『ジョジョの奇妙な冒険』のスピンオフ、高橋一生主演『岸辺露伴 ルーヴルへ行く』は〇〇ファンとしてのリテラシーが試される内容!?

2023/6/2 17:30 龍女 龍女

ヨハネス・フェルメール(1632~1675)本名ヤン・ファン・デル・メール・ファン・デルフト。
オランダで陶器が有名な都市デルフトで生れ、そこで死んだとされる。
43年の短い生涯で、現存が確実な作品は37点と言われる。
もし新たに真作が見つかれば、オークションで億は超えるであろうとされる画家である。
フェルメールの作品は、第二次大戦時にはメーヘレン事件で多くの贋作のネタ元になった。

このフェルメールの代表作が
『真珠の耳飾りの少女』(青いターバンの女)マウリッツハイス美術館所蔵である。

今回、イラストを描いていて気がついた。
パンフレットから引用した泉京香のポーズが『真珠の耳飾りの少女』にそっくり。


(泉京香に扮する飯豊まりえ イラストby龍女)

ちなみにこの名画の別名が北欧のモナ・リザである。

ルーヴルが所有しているのは、『天文学者』(1668)と『レースを編む女』(1669~1670)の2点である。

ルーヴル所蔵の『天文学者』には、日本から輸入された着物をガウンのように着ている天文学者が描かれている。
江戸時代、西欧各国で唯一日本と直接貿易の関係にあったのが
通称オランダことネーデルランド連邦共和国(1581~1795当時。
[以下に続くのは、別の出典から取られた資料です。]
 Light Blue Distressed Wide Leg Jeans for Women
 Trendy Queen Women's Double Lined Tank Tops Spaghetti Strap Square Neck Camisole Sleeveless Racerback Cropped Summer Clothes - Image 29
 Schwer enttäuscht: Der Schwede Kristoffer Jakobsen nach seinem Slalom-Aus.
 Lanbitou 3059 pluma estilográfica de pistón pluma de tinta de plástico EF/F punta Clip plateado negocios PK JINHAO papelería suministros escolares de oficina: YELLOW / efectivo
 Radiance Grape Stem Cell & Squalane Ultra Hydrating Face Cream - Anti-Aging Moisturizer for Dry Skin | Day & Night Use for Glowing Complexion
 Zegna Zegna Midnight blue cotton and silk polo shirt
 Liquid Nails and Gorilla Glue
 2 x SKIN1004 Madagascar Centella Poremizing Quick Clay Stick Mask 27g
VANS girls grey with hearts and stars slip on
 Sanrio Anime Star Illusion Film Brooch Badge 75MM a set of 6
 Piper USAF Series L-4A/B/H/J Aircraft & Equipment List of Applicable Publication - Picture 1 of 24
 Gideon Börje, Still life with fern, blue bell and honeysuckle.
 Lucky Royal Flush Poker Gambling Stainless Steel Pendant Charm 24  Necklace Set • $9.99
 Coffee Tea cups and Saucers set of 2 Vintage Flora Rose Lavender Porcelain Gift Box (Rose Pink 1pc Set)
1830年からネーデルラント王国)であった。

「黒い絵」の作者、山村仁左衛門は当時日本にあった様々な流派の絵画を柔軟に取り入れていたが、特に心酔していた画法が「蘭画」と呼ばれる西洋の陰影を付けたモノだ。
つまり、山村仁左衛門が描いた「黒い絵」は、水墨画とは違う顔料で描いた西洋画風のモノである。
しかし、この時代に抽象画というモノはない。
だから、画題が具体的に何かを描いたモノになる。
恐らく山村仁左衛門は18世紀の江戸後期の人のハズだから、ルネサンス以降の西洋画法を輸入された油絵か、銅版画を集めた書籍で知っていたはずだ。
岸辺露伴が観た「黒い絵」の本物は、奈々瀬が黒い髪を振り乱して、鑑賞者を絵の中へ誘いこうでいるような不気味な構図であった。


(奈々瀬に扮する木村文乃 イラストby龍女)

実はあの『モナ・リザ』を観ているとどこの場所からもモナリザに見つめられられた錯覚をする。
山村仁左衛門が描いた黒い絵はいわば日本のモナ・リザがあったらこういう絵ではないかと生み出されたフィクションである。


さて視点を映画本編から、現実に変えよう。
何故ルーヴル美術館は「美の殿堂」なのだろう?

さっきあげた名品を作られた年代を古い順に並べてみよう
『サモトラケのニケ』
『モナ・リザ』
『天文学者』
『レースを編む女』

どれもフランス人が作ったモノではない。
フランス革命以前は、王侯貴族が購入し寄贈されたもの。
『サモトラケのニケ』は1863年にギリシャのサモトラケ島(現在のサモトラキ島)で発見された。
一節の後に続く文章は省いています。